** Required action **
Except for images, print the whole listing verbatim.

** Data section follows **

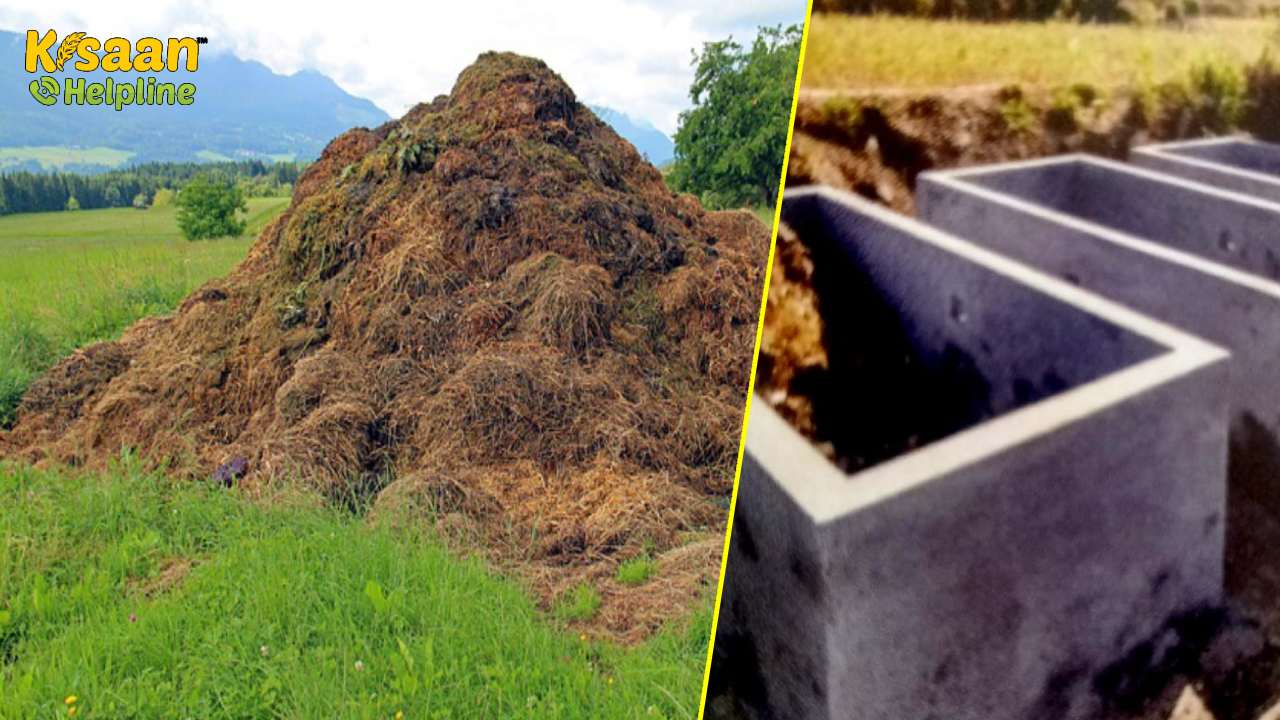 उत्तर पश्चिम हिमालय क्षेत्रों में उच्च गुणवत्ता वाली कम्पोस्ट खाद तैयार करने हेतु वायुजीवी गड्ढा विधि उत्तर पश्चिम हिमालय क्षेत्रों में उच्च गुणवत्ता वाली कम्पोस्ट खाद तैयार करने हेतु वायुजीवी गड्ढा विधि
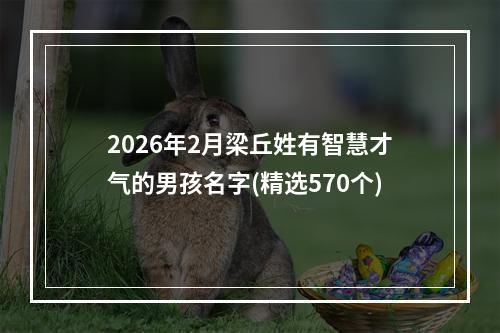 2026年2月梁丘姓有智慧才气的男孩名字(精选570个)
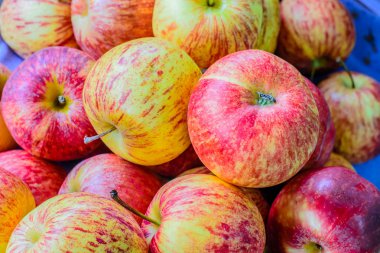 Birçok Apple üzerinde tablo, seçici odak noktası.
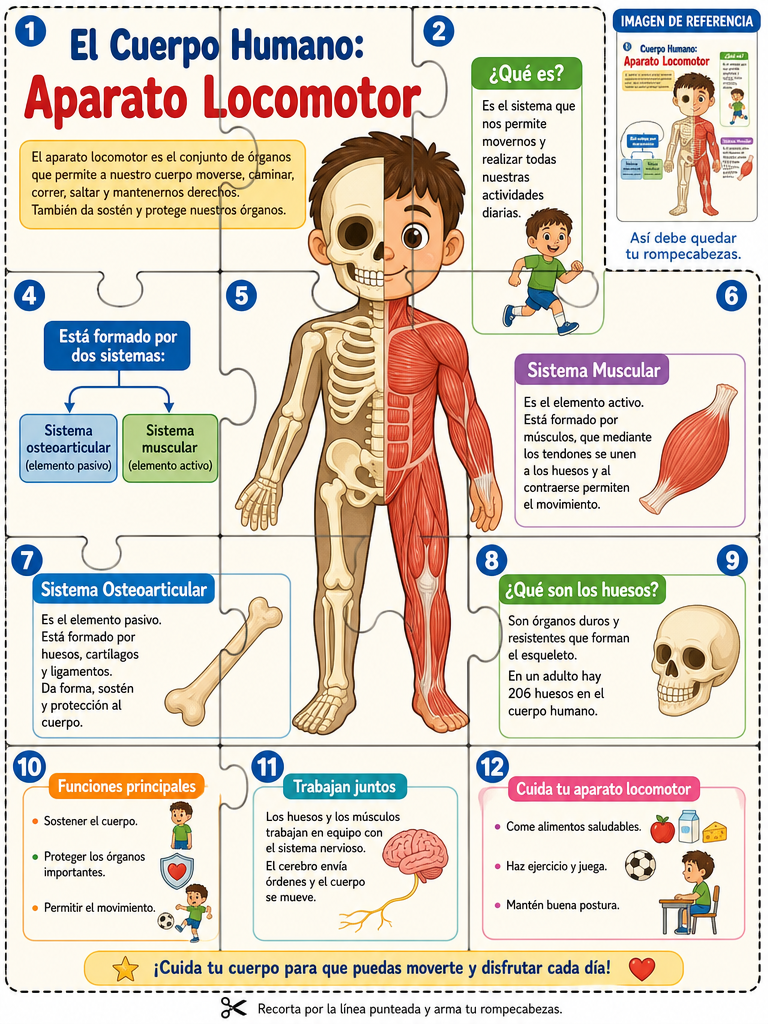 El Cuerpo Humano: Aparato Locomotor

** End of Data section **

** Answer to this task **
 उत्तर पश्चिम हिमालय क्षेत्रों में उच्च गुणवत्ता वाली कम्पोस्ट खाद तैयार करने हेतु वायुजीवी गड्ढा विधि उत्तर पश्चिम हिमालय क्षेत्रों में उच्च गुणवत्ता वाली कम्पोस्ट खाद तैयार करने हेतु वायुजीवी गड्ढा विधि
 2026年2月梁丘姓有智慧才气的男孩名字(精选570个)
 Birçok Apple üzerinde tablo, seçici odak noktası.
 El Cuerpo Humano: Aparato Locomotor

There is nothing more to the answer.